I need to query Azure Databricks delta lake data using C# .NET
Databricks is now supporting a method known as Statement Execution API.
I have put together a simple console app, which suppose to query Databricks via this API:
using System;
using System.Net.Http;
using System.Text;
using System.Threading.Tasks;
namespace DatabricksApiApp
{
class Program
{
static readonly HttpClient client = new HttpClient();
static async Task Main(string[] args)
{
try
{
// Set up the endpoint and the access token
string baseUrl = "https://adb-7786225719779619.19.azuredatabricks.net/api/2.0/sql/statements";
string accessToken = "dapierd7a4665da6d0e05a1ec650b85570b70";
string warehouseId = "ff7b6377ff77ab94";
// Prepare the HTTP request
HttpRequestMessage request = new HttpRequestMessage(HttpMethod.Post, baseUrl)
{
Content = new StringContent(
"{"statement":"SELECT * FROM default.product_1", "warehouse_id":"{warehouseId}", "timeout_seconds":600}",
Encoding.UTF8,
"application/json"
)
};
request.Headers.Add("Authorization", $"Bearer {accessToken}");
// Send the request
HttpResponseMessage response = await client.SendAsync(request);
// Check the response
if (response.IsSuccessStatusCode)
{
string responseBody = await response.Content.ReadAsStringAsync();
Console.WriteLine("Data retrieved successfully!");
Console.WriteLine(responseBody);
}
else
{
Console.WriteLine($"Failed to retrieve data.
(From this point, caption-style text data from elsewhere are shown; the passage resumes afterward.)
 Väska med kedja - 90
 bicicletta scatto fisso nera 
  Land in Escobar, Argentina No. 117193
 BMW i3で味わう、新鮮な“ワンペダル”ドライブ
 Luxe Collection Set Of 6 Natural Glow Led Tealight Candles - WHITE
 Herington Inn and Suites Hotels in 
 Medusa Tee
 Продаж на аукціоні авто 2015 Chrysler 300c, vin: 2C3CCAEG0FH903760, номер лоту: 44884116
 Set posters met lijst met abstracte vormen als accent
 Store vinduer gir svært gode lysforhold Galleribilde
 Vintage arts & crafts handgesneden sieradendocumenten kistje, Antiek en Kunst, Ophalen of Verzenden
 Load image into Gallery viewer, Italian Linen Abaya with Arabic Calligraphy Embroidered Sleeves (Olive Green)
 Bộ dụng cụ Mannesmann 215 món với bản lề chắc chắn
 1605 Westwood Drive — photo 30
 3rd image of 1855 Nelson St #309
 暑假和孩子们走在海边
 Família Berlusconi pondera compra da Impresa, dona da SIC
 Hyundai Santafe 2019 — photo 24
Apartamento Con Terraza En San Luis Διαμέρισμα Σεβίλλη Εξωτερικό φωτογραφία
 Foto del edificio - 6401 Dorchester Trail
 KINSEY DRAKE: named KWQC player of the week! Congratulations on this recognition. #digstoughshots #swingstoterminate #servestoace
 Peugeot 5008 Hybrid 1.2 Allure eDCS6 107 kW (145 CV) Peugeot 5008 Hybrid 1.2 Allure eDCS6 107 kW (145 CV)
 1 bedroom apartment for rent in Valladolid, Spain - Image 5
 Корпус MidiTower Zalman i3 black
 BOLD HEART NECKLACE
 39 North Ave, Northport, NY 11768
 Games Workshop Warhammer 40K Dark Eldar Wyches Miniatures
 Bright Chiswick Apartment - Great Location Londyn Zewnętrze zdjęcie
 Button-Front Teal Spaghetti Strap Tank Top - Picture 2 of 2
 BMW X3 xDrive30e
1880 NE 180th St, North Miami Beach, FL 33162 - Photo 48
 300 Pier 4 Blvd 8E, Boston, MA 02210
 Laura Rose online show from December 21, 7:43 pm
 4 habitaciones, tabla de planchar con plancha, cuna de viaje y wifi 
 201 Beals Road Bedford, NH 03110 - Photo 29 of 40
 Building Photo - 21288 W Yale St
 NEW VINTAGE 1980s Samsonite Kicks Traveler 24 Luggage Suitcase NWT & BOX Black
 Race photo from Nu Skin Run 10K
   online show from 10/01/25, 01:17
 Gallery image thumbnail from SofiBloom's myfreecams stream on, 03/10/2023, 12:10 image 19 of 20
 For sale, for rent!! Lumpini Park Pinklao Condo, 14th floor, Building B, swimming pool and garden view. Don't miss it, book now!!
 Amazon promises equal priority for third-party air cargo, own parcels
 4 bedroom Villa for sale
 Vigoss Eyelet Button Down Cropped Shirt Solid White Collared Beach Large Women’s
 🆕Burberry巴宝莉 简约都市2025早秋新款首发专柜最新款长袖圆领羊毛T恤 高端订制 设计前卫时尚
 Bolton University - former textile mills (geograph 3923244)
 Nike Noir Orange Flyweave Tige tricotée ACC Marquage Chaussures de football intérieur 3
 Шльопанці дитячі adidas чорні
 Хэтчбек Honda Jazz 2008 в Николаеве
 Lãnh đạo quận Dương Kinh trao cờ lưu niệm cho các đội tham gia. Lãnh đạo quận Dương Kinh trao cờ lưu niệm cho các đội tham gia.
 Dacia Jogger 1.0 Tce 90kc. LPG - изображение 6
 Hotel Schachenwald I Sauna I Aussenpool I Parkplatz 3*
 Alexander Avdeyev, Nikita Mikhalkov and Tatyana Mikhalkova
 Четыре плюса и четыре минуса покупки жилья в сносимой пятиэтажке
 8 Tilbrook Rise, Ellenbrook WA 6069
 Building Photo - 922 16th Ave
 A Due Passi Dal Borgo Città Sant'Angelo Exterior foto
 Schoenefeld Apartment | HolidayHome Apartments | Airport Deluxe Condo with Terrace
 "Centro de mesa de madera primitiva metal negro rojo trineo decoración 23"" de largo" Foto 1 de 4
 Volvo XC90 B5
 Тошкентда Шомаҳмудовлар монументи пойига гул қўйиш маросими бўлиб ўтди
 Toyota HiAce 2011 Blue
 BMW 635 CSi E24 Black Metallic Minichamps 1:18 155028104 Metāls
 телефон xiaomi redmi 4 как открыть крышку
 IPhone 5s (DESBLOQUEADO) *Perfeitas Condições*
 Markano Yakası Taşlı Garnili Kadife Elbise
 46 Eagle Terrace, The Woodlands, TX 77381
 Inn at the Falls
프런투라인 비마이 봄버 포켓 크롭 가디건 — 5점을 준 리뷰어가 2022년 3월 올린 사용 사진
Status code: {response.StatusCode}");
string responseBody = await response.Content.ReadAsStringAsync();
Console.WriteLine($"Response Body: {responseBody}");
}
}
catch (HttpRequestException e)
{
Console.WriteLine("nException Caught!");
Console.WriteLine("Message :{0} ", e.Message);
}
}
}
}
When I run this code, I receive the following error:
Failed to retrieve data. Status code: BadRequest
Response Body: {"error_code":"INVALID_PARAMETER_VALUE","message":"{warehouseId} is not a valid endpoint id."}
As I navigate over to Azure Databricks workspace, select “SQL Warehouses”, select the one warehouse I am interested in, select “Connection details” tab – I see the the following entry under the “HTTP Path” field:
/sql/1.0/warehouses/ff7b6377ff77ab94
Naturally, I am making an assumption that “ff7b6377ff77ab94” is the warehouse id, which is required to make use of the Statement Execution API.
Am I doing something wrong or incomplete?